Про «полеты по-партизански»

«Мой первый самолет, который я купил совместно с другом, был конструкции Canard, или «утка»: у него стабилизатор не сзади, а спереди, и он выглядит так, словно летит задом наперед. Выглядит как НЛО. На нем я прилетел на салон МАКС в Жуковском, как раз когда впервые разрешили частным самолетам там приземляться. Я садился на невероятно длинную тамошнюю полосу, на которую когда-то «Буран» садился. Удивительные ощущения: помнишь еще по СССР, что это страшно режимный объект, и вот — ты садишься на этом аэродроме на собственном самолете. Но вообще тогда все «частники» летали «по-партизански». Где захотел — сел, заправился, где захотел — взлетел, не застукают — свободен как птица, застукают — твои проблемы. Программы полетов не было, но и столкновений не было, потому что самолетов частных было мало.

Как-то раз я из-за этой партизанщины чуть не погиб вместе с пассажиром. Летели с друзьями с Черного моря, из Анапы, пятью бортами, и из-за совпадения нескольких неудачных факторов мне пришлось садиться на богом забытом полевом грунтовом аэродроме в сумерках, с горящими в бочках кострами вместо аэродромных огней. Полосы как таковой не было, землю я не видел и вошел в грунт на скорости 160 километров в час. Это была моя первая авария. Повезло, что мы пристегнулись, а самолет оказался крепкий: мне его продал американский пилот, мастер высшего пилотажа, который когда-то строил его «под себя». Я выбрался из машины, и, друзья рассказывают, первое, что сказал: «На чем же я теперь буду летать?!» А они уже подумали, что мы разбились насмерть. Такая вот была партизанщина. Но пять лет назад ввели в это дело систему: мы стали летать официально, и все были этому рады — надоела ужасная путаница».

О коллекции самолетов

«Сейчас у меня несколько собственных спортивных самолетов, они находятся в Америке. Есть даже пилотажный биплан Great Lakes.

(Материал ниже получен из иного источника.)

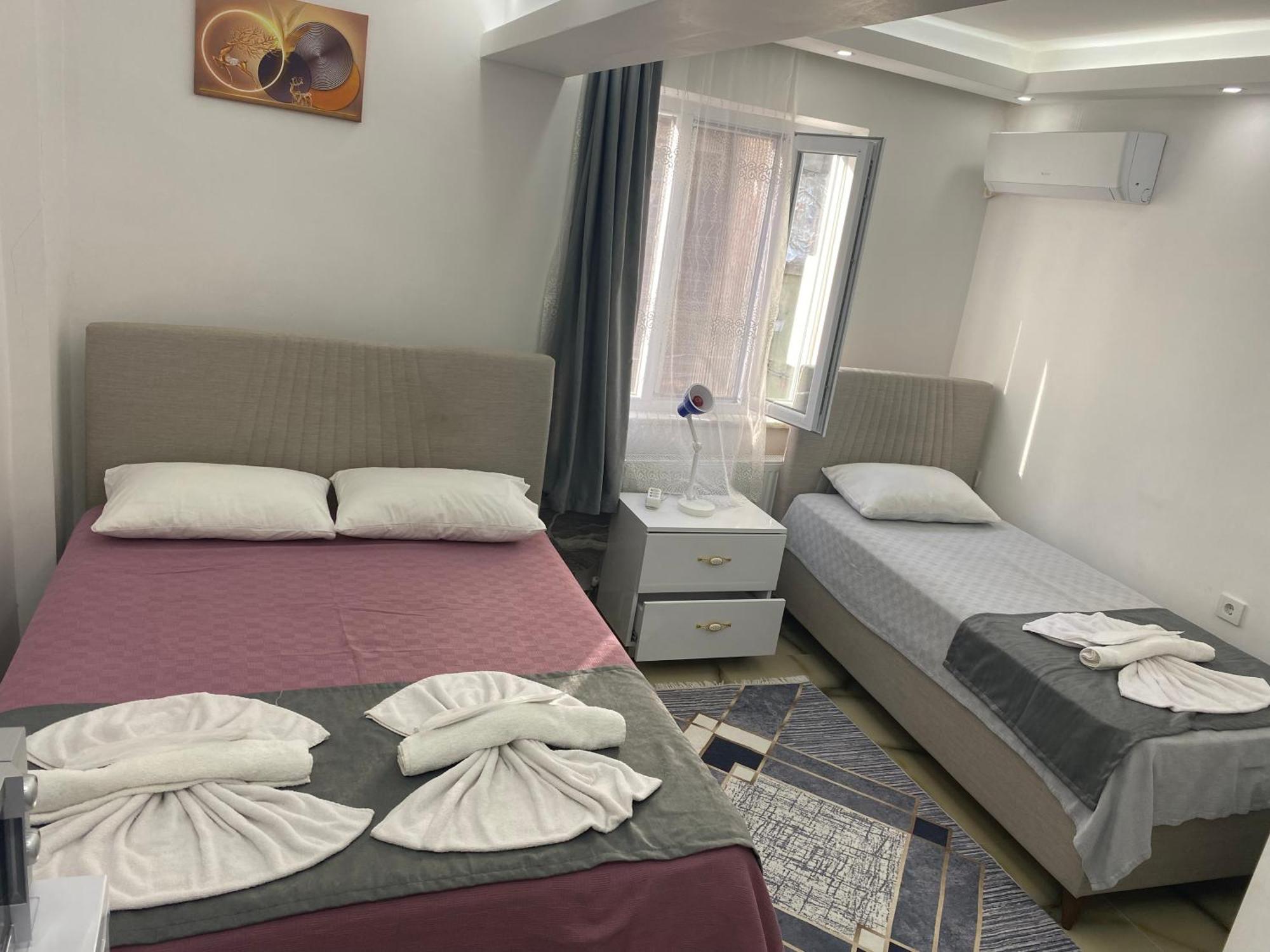 Amida Family Apart İstanbul Dış mekan fotoğraf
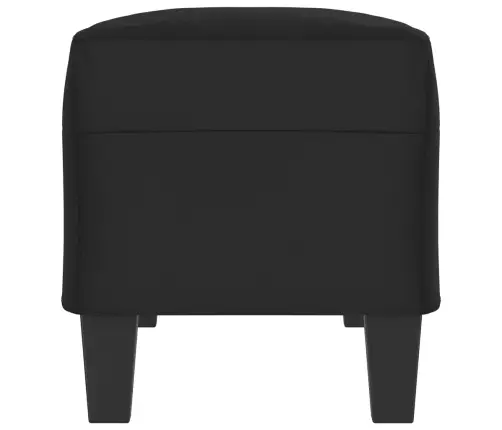 Pink, Must, 100 X 35 X 41 cm Mikrofiiber Kangas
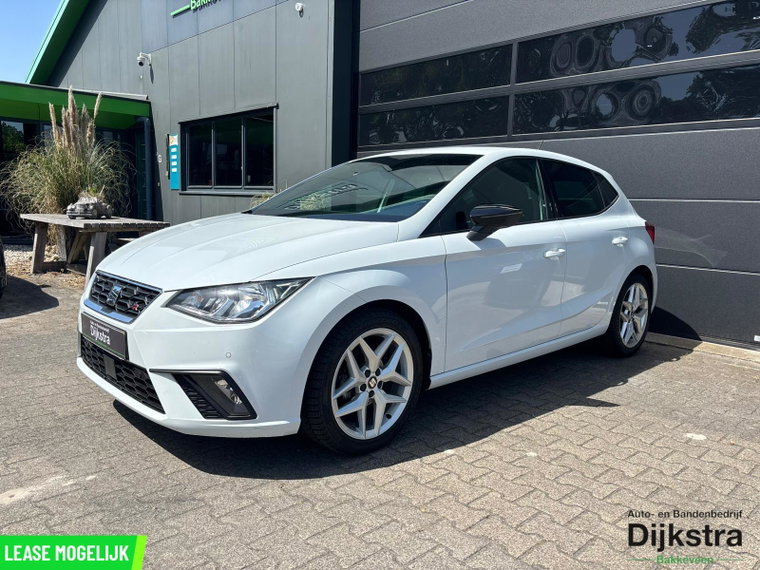 Foto van SEAT Ibiza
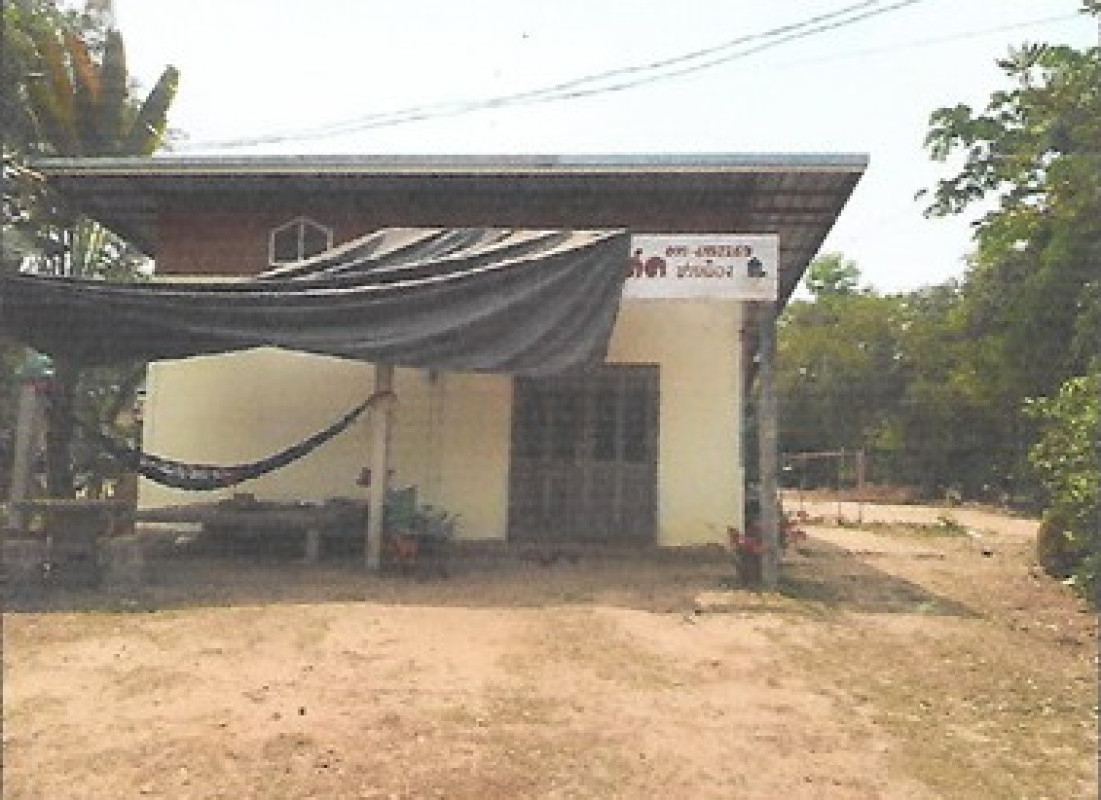 บ้านเดี่ยว สกลนคร เมืองสกลนคร พังขว้าง 522596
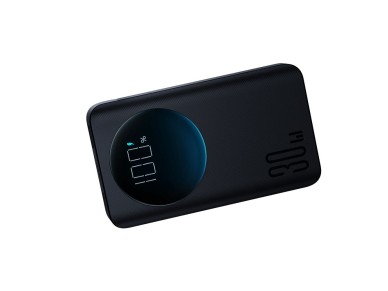 Joyroom powerbank 10000mAh 30W black (JR-PBF01) Joyroom powerbank 10000mAh 30W black (JR-PBF01)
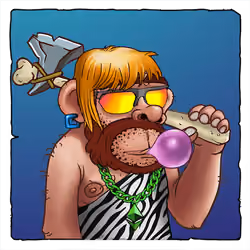 EvolvedApe #1030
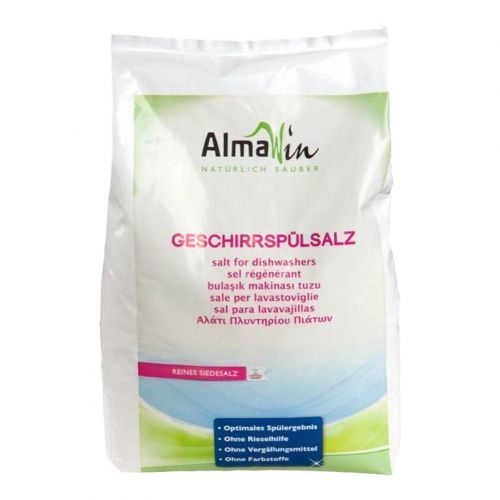 Čisticí sůl do myčky Almawin 2 kg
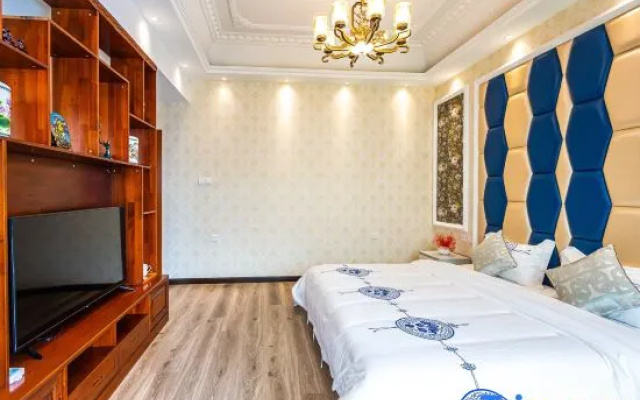 Gubei Water Town Wanli Heyuan Farmstay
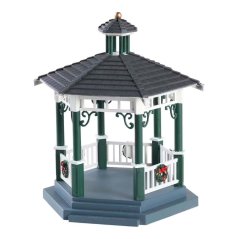 Table Accents Lemax 83369 Victorian Park Gazebo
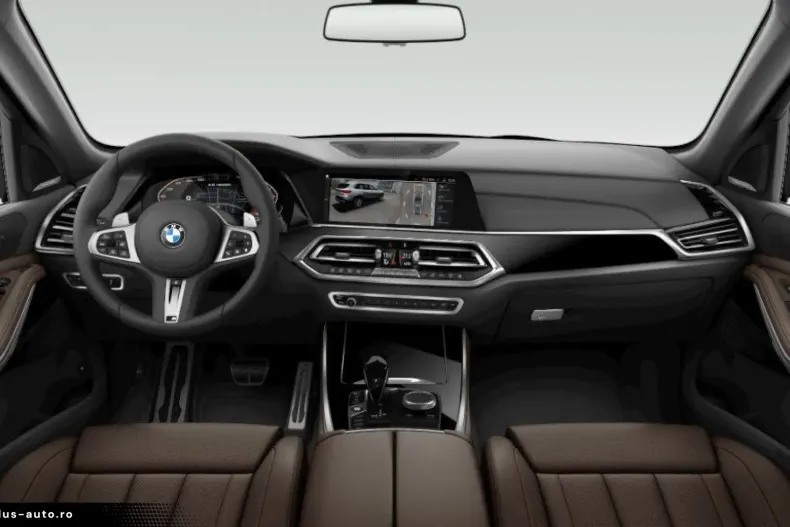 BMW X5 M50 din 2024 cu 88.974 km - oferta BMW161003 - foto 3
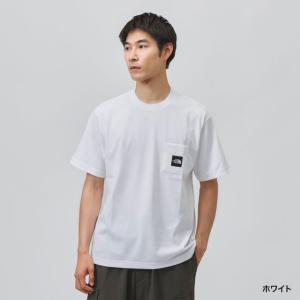 ザ・ノース・フェイス メンズ アウトドア 半袖...の詳細画像1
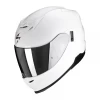 Scorpion EXO-520 Evo Air White -Helm Verkoop scorpion exo 520 evo air white full face helmet integralhelm casque integral kask casco integral 1 3
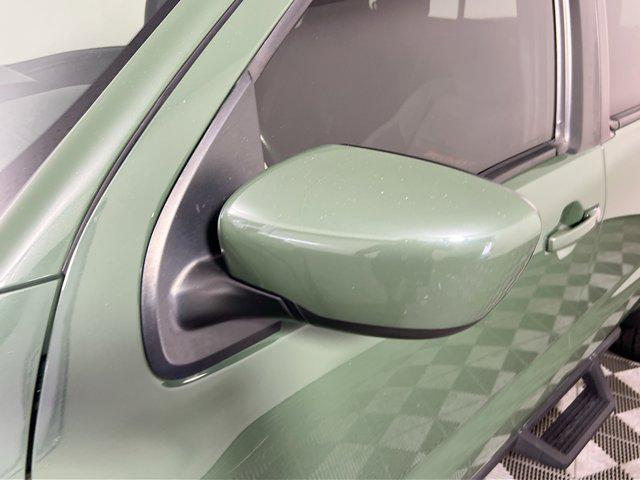 used 2022 Nissan Frontier car, priced at $33,975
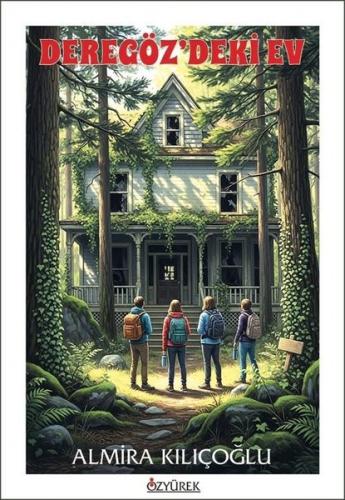 Deregöz'deki Ev | Kitap Ambarı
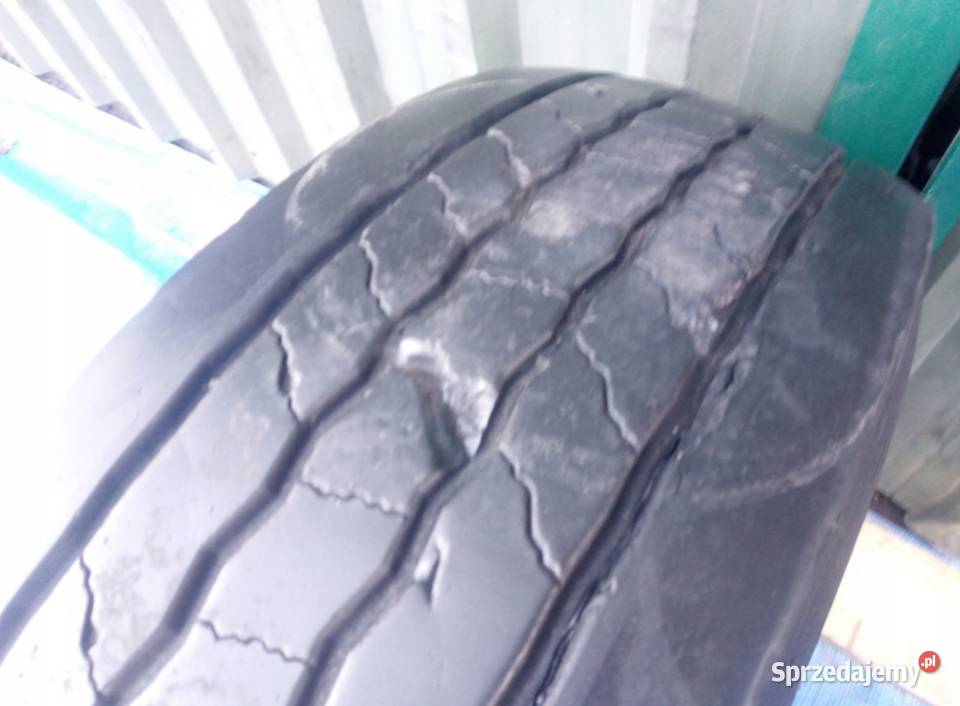 Opona Hankook 26570 R 195 Smart Flex Ah 35 lubuskie Szprotawa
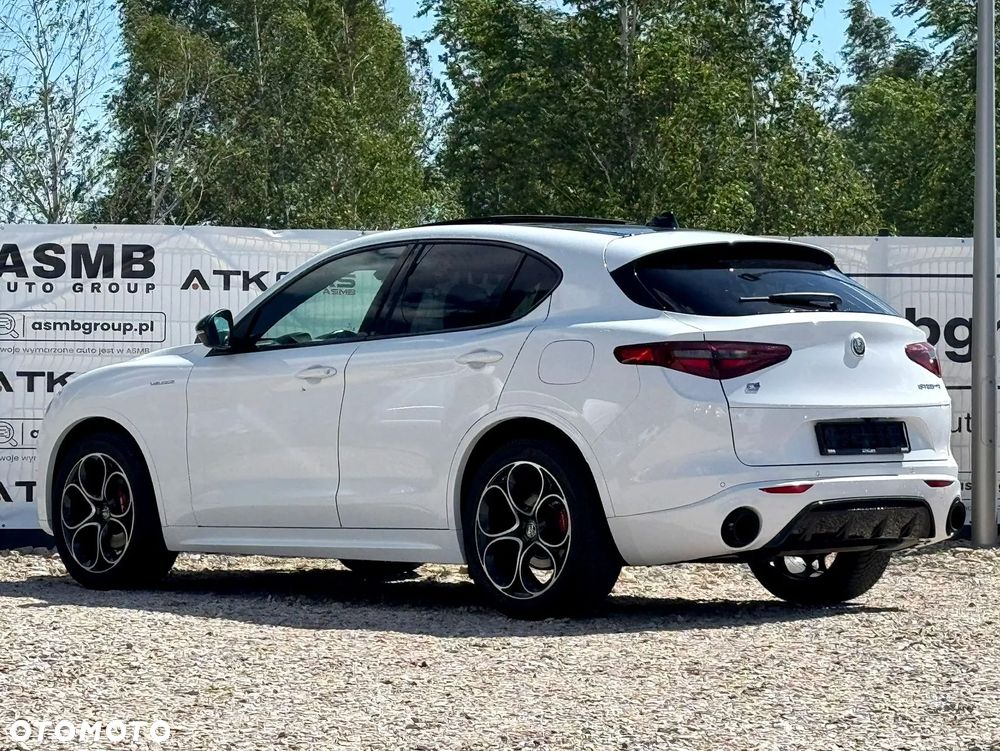 Alfa Romeo Stelvio 2.0 Turbo Veloce Q4 - 6
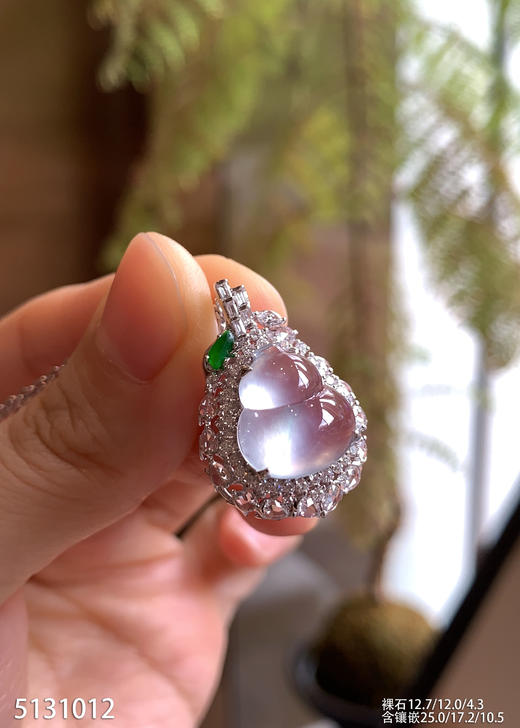 5131012，葫芦吊坠。具体价格微信咨询 商品图2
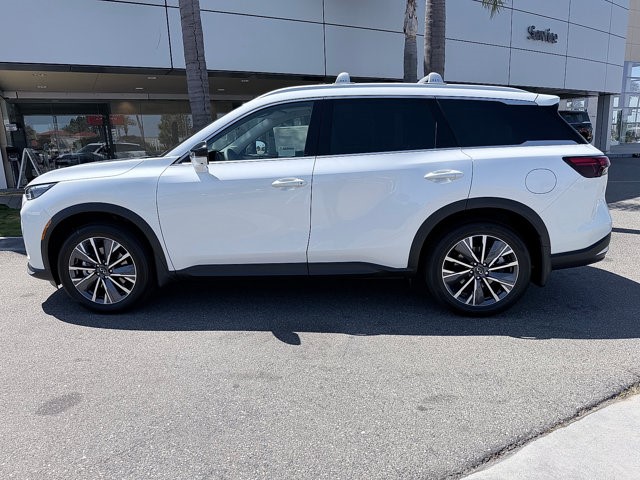 2027 INFINITI QX60 LUXE LUXE FWD Intercooled Turbo Premium Unleaded I-4 2.0 L/122 [2]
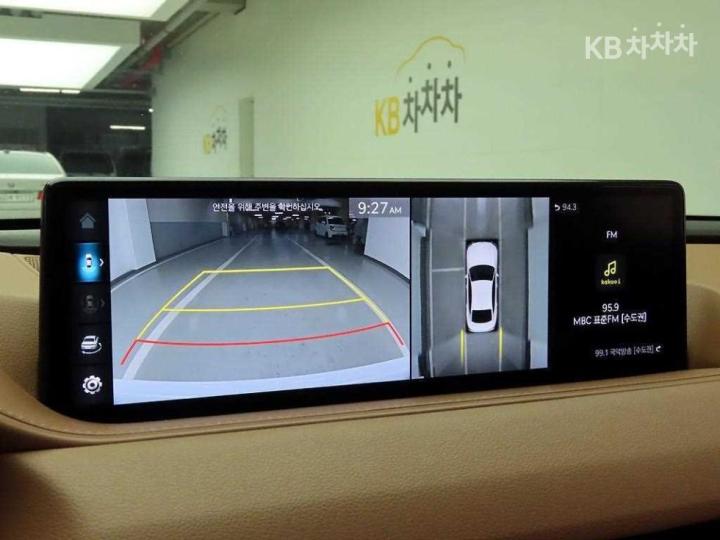 제네시스 G80(RG3)2.5 T-GDi 2WD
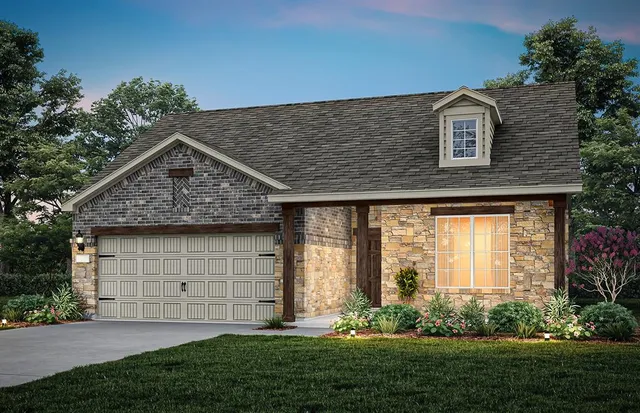 $504,230 | 2721 Jordan Dwyer Way, Northlake, TX 76247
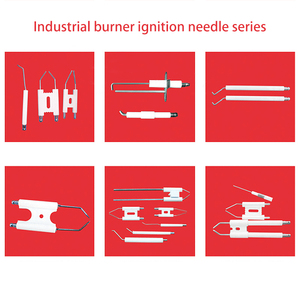 Électrode <span class=keywords><strong>d</strong></span>'<span class=keywords><strong>allumage</strong></span> et sonde <span class=keywords><strong>d</strong></span>'ionisation G10 G20 pour brûleur industriel, capteur de flamme, bougie de rechange pour chaudière à vapeur - Product Image 3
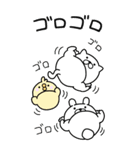 [BIG]つかいやすいねこです。お正月（個別スタンプ：30）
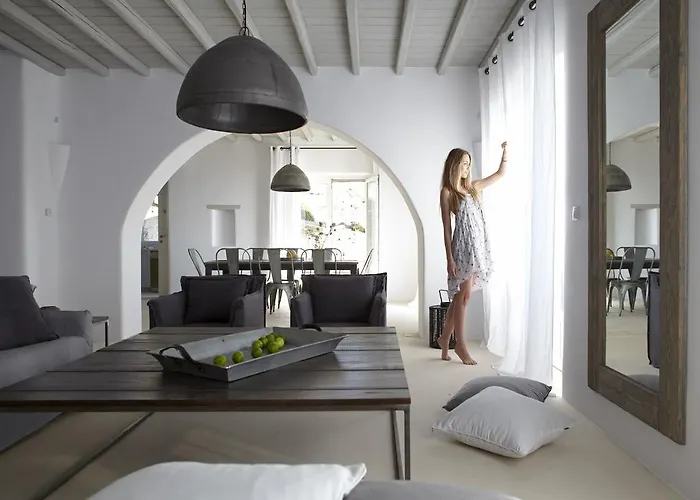 Prive 88 Mykonos Villa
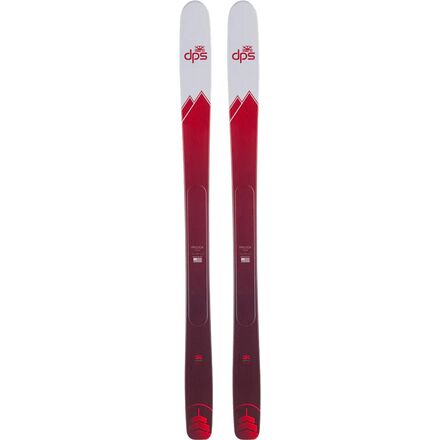再値下げ DPS SKI Pagoda RP 100+ST Rotation12 DPS Skis Pagoda Tour 100 RP Ski - 2024 - Ski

Мне нравится эта «этажерка» еще и тем, что это олдскул, олдтаймер, это авиационная история. Водить джеты, то есть реактивные самолеты, я не имею права, но летал, конечно, как пассажир и на Aero L-29, Aero L-39 Albatros, на МиГ-27. Ощущения совсем другие. Кому что больше нравится — как Mercedes и BMW. На джете нельзя летать на низких высотах, ему нужна огромная полоса, обслуживание адски дорогое, он жрет топливо просто тоннами. Надо любить джеты. Я не фанат. Мне не доставляет удовольствия полет, в котором взлетел-набрал эшелон-летишь по эшелону на автопилоте-спустился-сел. Это все равно как в пассажирском Airbus, только окошко не маленькое сбоку, а большое панорамное спереди. А видны в них все равно только небо и облака. Нет драйва, а я адреналинщик, для меня драйв — это главное».